First published in the Ukrainian Weekly, July 1, 2012:
L’viv-born economist, Ludwig Von Mises made the case that capitalism forces people, even enemies, to cooperate and serve one another. This is so evident, we often fail to see it.
Consider buying something at a store. It is typical for both customer and cashier to say “thank you.” This mutual expression of gratitude reflects how both parties benefit. The customer receives his product, and the cashier, on behalf of the owner, the customer’s money. They are both happier and the world becomes a better place.
The mutual benefit only occurs for businesses relying on voluntary patronage. It doesn’t exist where people profit from tax dollars — for example, at the train station. This brings me to my personal experience buying tickets in Kyiv’s “Vokzal.”
I was been told you can buy tickets online in Ukraine, but the website looks confusing. You must register. Also, after you buy them online, you go to the train station and cut in front of the many exhausted travelers waiting on long lines just to receive online-purchased train ticket. I can’t imagine doing that. So, for my stay in Ukraine, I’ve resorted to standing on lines at train stations to purchase tickets.
For my non-Ukrainian readers, let me clarify how horrible this experience is: The station is perpetually crowded and smells like body odor. By my estimate, the average wait in Kyiv is thirty minutes. You have to demonstrate your capitulation to the system by stooping to speak through a little portal to the impatient clerk. You have no idea what train tickets are available or how much they cost until you get there. A decision must be made the instant you get the information and there doesn’t seem to be any way to get an overview of what’s available.
You ask for Thursday night, they tell you, very rapidly what’s leaving on Thursday night, which types of cabins, times of travel and cost. It’s an awfully large amount of information to process quickly, especially for non-native speakers and especially if you’re a nice person sensitive to the impatience of the people behind you.
It gets worse.
On a recent visit to the train station a young man asked to cut in front of me, just as I reached the front of the line. Perhaps he had bought a ticket online. “Thirty seconds,” he said. I nodded. Good manners are only a weakness in a bureaucratically managed enterprise.
He was indeed finished in thirty seconds, but a lady sensed her opportunity and asserted her place behind the young man.
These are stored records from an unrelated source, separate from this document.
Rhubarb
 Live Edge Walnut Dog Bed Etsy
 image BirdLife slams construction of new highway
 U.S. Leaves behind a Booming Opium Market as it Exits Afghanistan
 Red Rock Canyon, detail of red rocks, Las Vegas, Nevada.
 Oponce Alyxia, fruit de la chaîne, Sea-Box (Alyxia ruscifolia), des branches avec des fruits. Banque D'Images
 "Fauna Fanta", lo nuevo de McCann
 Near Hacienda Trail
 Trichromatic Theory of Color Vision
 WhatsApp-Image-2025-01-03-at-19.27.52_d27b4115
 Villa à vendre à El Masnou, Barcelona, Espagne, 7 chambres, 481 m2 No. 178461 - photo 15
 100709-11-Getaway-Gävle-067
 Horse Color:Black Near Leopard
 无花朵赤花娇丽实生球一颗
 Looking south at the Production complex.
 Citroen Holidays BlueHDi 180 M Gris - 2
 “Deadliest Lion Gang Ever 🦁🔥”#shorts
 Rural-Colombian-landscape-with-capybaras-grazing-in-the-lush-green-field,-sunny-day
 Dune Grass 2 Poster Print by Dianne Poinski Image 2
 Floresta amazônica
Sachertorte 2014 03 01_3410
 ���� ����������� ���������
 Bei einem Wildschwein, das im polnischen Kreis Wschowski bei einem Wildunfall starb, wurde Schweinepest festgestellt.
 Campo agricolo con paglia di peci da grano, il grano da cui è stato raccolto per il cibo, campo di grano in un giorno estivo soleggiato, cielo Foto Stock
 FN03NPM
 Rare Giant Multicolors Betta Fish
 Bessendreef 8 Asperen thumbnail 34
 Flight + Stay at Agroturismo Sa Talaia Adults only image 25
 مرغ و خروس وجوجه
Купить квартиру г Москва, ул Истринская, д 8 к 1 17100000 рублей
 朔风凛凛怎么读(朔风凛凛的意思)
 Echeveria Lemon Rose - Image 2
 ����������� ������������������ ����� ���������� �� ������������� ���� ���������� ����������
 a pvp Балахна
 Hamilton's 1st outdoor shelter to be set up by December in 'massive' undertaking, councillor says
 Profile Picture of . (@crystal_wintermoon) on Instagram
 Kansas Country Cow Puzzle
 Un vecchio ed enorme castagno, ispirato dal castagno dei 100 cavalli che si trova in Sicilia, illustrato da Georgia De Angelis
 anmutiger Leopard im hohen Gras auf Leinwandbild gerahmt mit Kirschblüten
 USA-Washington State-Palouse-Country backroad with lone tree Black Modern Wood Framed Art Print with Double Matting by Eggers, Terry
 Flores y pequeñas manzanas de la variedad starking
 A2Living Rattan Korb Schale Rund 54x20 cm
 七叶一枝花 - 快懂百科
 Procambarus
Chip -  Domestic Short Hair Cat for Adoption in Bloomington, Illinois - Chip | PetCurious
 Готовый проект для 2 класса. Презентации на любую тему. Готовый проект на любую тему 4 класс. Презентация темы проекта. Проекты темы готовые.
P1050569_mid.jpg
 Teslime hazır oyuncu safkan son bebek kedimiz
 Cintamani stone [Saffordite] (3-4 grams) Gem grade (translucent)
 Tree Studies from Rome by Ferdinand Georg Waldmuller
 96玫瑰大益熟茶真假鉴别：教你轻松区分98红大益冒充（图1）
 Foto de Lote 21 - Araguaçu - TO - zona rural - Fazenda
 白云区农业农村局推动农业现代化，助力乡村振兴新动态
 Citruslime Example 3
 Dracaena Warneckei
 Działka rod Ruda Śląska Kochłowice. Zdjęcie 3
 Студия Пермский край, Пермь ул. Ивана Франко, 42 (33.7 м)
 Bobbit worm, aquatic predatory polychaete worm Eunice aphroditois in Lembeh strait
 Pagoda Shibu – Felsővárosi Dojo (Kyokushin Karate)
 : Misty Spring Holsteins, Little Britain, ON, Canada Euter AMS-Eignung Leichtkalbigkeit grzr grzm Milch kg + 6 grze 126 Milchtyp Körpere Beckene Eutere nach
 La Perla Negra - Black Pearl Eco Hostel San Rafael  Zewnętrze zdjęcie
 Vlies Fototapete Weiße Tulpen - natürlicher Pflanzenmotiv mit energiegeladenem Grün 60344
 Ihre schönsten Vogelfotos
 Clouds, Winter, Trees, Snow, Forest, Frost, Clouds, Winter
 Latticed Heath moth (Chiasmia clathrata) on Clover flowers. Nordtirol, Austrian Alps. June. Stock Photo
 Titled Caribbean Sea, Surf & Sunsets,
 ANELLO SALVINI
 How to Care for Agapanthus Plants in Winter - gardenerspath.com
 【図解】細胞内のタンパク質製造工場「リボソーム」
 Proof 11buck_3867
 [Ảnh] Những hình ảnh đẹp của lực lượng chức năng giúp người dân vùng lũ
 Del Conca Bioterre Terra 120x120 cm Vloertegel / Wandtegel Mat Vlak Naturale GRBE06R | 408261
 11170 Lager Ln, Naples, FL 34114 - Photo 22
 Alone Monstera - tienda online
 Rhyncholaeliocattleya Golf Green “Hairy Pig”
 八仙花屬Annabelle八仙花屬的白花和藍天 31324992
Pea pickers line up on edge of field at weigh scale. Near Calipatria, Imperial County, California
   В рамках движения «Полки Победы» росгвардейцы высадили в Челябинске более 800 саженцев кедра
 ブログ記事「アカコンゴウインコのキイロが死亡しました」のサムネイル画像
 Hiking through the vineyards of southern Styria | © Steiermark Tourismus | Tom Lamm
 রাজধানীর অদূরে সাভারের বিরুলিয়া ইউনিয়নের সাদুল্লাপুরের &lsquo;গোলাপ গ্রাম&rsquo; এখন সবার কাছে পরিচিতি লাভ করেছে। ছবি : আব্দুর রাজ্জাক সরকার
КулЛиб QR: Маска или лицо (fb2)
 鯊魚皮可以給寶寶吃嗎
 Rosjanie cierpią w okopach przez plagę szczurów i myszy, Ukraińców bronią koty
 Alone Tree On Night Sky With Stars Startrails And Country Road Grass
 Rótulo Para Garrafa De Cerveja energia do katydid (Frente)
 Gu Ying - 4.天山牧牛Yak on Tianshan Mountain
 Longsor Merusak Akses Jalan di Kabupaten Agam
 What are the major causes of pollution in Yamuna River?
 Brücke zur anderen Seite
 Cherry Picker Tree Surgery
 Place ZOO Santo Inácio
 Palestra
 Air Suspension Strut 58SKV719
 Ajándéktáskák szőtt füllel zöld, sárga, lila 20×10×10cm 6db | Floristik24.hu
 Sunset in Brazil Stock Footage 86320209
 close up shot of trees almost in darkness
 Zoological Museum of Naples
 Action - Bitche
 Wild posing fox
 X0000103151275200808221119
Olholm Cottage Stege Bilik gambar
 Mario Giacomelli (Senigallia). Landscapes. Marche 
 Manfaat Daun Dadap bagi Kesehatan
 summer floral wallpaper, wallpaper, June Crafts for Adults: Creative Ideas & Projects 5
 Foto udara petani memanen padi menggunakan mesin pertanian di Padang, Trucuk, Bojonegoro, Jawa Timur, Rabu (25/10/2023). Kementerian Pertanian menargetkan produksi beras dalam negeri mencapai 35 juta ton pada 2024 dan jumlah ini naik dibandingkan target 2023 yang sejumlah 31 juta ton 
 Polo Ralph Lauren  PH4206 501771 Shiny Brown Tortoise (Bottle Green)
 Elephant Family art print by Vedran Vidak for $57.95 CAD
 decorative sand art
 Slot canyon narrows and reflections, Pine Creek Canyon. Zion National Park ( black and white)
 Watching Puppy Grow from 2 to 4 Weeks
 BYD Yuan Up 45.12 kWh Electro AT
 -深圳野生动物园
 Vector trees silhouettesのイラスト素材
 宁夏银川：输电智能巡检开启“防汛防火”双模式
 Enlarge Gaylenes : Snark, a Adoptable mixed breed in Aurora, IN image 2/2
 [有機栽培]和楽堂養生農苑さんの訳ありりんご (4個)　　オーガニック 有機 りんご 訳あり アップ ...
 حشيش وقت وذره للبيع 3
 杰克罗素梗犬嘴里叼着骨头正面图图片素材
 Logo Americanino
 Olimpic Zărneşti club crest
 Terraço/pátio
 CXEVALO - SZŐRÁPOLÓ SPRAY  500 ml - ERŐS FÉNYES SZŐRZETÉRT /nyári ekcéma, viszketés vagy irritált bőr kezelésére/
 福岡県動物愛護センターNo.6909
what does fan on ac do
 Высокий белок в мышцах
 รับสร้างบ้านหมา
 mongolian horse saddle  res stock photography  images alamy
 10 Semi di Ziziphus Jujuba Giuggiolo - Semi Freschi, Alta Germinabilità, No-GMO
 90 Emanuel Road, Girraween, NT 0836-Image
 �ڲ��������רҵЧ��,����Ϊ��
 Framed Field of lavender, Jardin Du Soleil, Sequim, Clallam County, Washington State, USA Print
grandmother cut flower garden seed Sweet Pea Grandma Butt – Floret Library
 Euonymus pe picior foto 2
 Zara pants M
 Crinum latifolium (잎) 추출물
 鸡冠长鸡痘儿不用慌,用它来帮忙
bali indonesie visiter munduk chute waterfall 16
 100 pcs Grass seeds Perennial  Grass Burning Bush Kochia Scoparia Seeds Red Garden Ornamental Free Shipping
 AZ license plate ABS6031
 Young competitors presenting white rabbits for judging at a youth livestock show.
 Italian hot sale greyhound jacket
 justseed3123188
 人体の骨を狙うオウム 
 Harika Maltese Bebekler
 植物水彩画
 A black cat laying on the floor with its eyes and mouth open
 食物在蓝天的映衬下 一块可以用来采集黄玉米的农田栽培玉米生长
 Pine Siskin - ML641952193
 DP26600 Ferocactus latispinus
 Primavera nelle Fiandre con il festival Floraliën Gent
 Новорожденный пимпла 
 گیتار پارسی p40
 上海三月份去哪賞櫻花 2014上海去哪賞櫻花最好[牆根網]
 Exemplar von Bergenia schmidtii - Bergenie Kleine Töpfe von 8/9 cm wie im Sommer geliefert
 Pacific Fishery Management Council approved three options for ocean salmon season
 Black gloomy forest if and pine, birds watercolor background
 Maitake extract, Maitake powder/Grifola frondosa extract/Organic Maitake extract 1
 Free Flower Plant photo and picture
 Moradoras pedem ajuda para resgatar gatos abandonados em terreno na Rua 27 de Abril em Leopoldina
I told her she couldn’t cut, and even posted my arm, but she snuck around my other side as soon as he finished.
She jumped straight into a heated argument with the clerk. The clerk refused something but she wouldn’t accept it and kept arguing. Eventually, the clerk put a cardboard sign in the window that read “Technical break,” dropped the venetian blinds, and left her booth, switching off the light.
This shouldn’t have caught me by surprise.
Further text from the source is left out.